Im designing a 4 unit apt building in Mass. (IBC) The owner wants Furnace, stack W/D and Hot Wtr Htr all in 1 closet off the kitchen. does this "room" have to be rated?


----------



## cda (Nov 19, 2015)

Hay New!!!!!!!!!


----------



## cda (Nov 19, 2015)

Not normally

electric or gas?

One story building??

Not sure how he will get all that stuf shoved into one room??

Normally see the furnace by itself.


----------



## mtlogcabin (Nov 19, 2015)

Welcome

Sounds like you are referring this setup to be in each apartment which is okay.

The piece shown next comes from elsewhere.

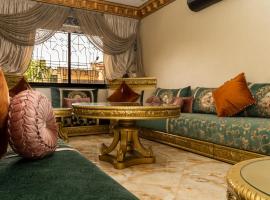 Family apartment with balcony and Netflix, hotel v destinaci Temara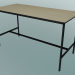 3D modeli Dikdörtgen masa Tabanı Yüksek 85x190x105 (Meşe, Siyah) - önizleme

If a central laundry room then the maximum area is 100 sq ft one-hour protection or sprinkle it per Table 509 2012 IBC.

509.1

Exception: Incidental uses within and serving a dwelling unit are not required to comply with this section.


----------



## north star (Nov 19, 2015)

*% % % = % % %*



Newbie,

Welcome to The Building Codes Forum !    

In designing the space for the Furnace, ...the stackable

W \ D combo, and the water heater, ...regarding the

2 separate drain lines from the water heater, do you

have an approved location for these 2 separate drain

lines  to terminate ?

Also, ...if all of these appliances actually fit in to

the Closet, ...will there be an approved method to

provide adequate combustion air to them ?



Thanks !

*% %  % = % %  %*


----------



## fatboy (Nov 19, 2015)

Welcome!

If any piece of equipment is over 400K BTU, 1-hr required.


----------



## Newbie (Nov 20, 2015)

wow!



			
				Newbie said:
			
		

> Im designing a 4 unit apt building in Mass. (IBC) The owner wants Furnace, stack W/D and Hot Wtr Htr all in 1 closet off the kitchen. does this "room" have to be rated?


thanks for all the input, THIS IS GREAT.  code books are tough to navigate, so its nice to have a safety net!

thanks to northstar for the Drain heads up. I do have an overflow pan for W/D but hadn't considered the HWH


----------



## cda (Nov 20, 2015)

You to can be a "sawhorse"

1. Keep the site going

2. Cheap multi answer answers

3.Gives us people in the basement something to do.

http://www.thebuildingcodeforum.com/forum/payments.php

Cheaper than a code book


----------



## mtlogcabin (Nov 20, 2015)

> Gives us people in the basement something to do.


 How did you know my office is in the basement of city hall?


----------



## cda (Nov 20, 2015)

mtlogcabin said:
			
		

> How did you know my office is in the basement of city hall?


Something about lawyers and inspectors being in low places.

Plus it keeps the government spy rays off of us!!


----------